EnMSの構築には、主に3名から4名の推進担当者が、平均2日/月程度の時間を費やしEnMSの構築作業にあたった。2012年11月~2013年5月までの7ヶ月間で、約50人日相当の工数をEnMSの構築のために費やした。

ISO50001の導入において困難を感じた部分

マンションは、それぞれの区分所有者のプライベートな領域であり、共用部分についても限りなく個人(所有者)の快適性が求められるところであることから、どこまで踏み込んで省エネルギーを促すことができるかが最も難しいところと感じている。

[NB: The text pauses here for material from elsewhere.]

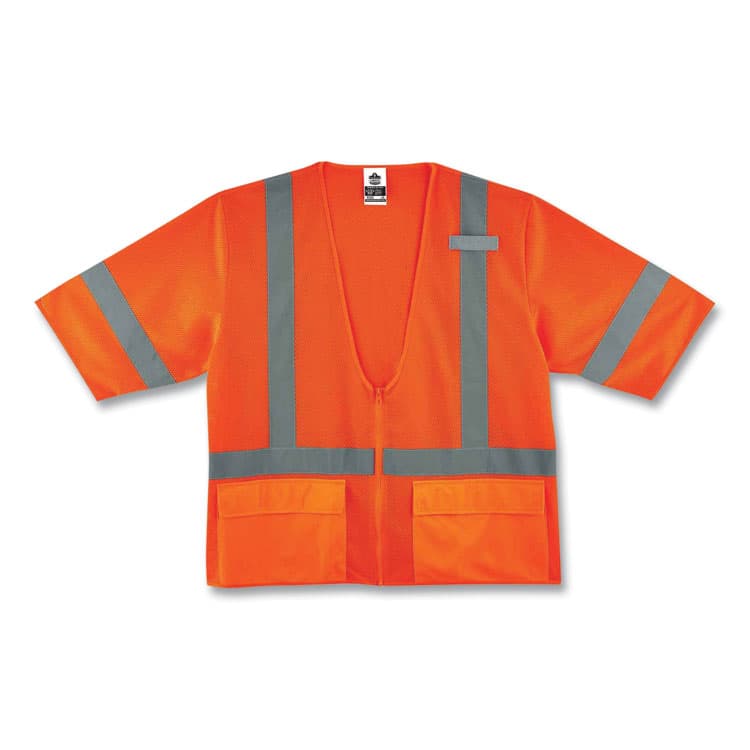 ERGODYNE CORPORATION GloWear 8320Z Class 3 Standard Zipper Vest, Polyester, Largel/X-Large, Orange (EGO22115)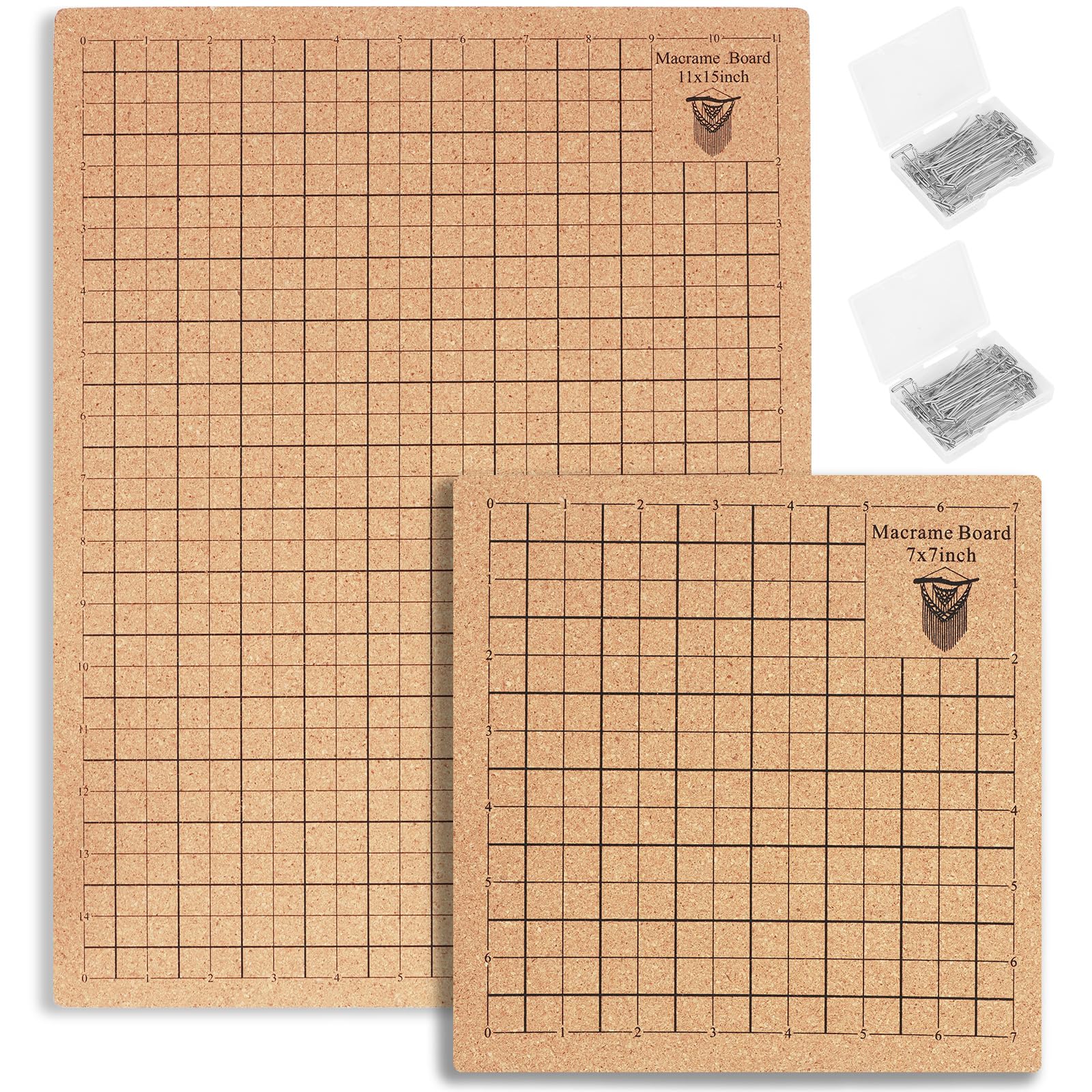 US 2Pcs Macrame Board with Grids 8x8inch 12x16inch Double Side Macrame Project Board with 100 T Pins Portable Braiding Board Reusable Macrame Board for Braiding Bracelet Project Knotting(suit)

エネルギーマネジメントシステムの運用において困難を感じている部分

マンション建物を対象としたエネルギーマネジメントは、現在エネルギー使用に関する実績データを収集している段階であり、現段階では、特別な困難は感じていない。

(10)EnMSの構築・認証に必要とした資源

ISO50001及びEnMSの運用に関する知識等を修得するための研修

  • EnMSに関する基本的な知識の習得
    ISO50001導入検討段階で、推進メンバーの1名が外部機関の実施する研修に参加し、ISO50001に関する基本的な知識を習得し、社内での知識の水平展開を図った。
    また、EnMSの運用開始に当っては、全社員に対して同社のEnMSの仕組みを説明し、周知を図った。
  • EnMS構築のための研修
    コンサルタント会社に委託し、EnMSの構築、推進メンバーに対する教育を実施した。
  • 内部監査員研修
    既にISMSの認証を取得し、情報セキュリティマネジメントシステムに関する内部監査経験があったため、ISMSの内部監査経験を活用し、EnMSの監査を行った。

認証取得の費用

社内の作業工数を除き以下の費用を要した。

  • ISO50001導入支援のためのコンサルティング費用:約100万円
  • ISO50001認証のための初回審査登録の費用:約70万円

エネルギーパフォーマンス向上のための設備投資

本社ビルにおいては、2011年の東日本大震災後、徹底した節電対策(照明のLED化、照度調整、空調の温度管理)が実施されていること、対象マンション建物については、新築のマンション建物であることから、EnMS導入から今回の調査までの段階では、エネルギーパフォーマンスの向上のための新たな設備導入などは特段実施していない。

(11)活動の成果、期待

認証取得を決断した一つの理由には、ISO50001の認証により、同社のエネルギーマネジメント仕組みに関する信頼性を広くPRすることにもあったが、ISO50001の認知度が低いためか、ISO50001の認証取得に対する周囲の反応は、ほとんど得られなかった。
マンション建物のエネルギー使用データが蓄積された段階で、データの分析等に基づく新しい知見や、改善の機会の発見等の成果につながる期待がある。

今後の改善の可能性

ISO50001の認知度の向上とともに、同社のエネルギー管理の実績をデータで実証することにより、MEMSアグリゲーターの実績が評価を受けるなど、今後の改善に期待。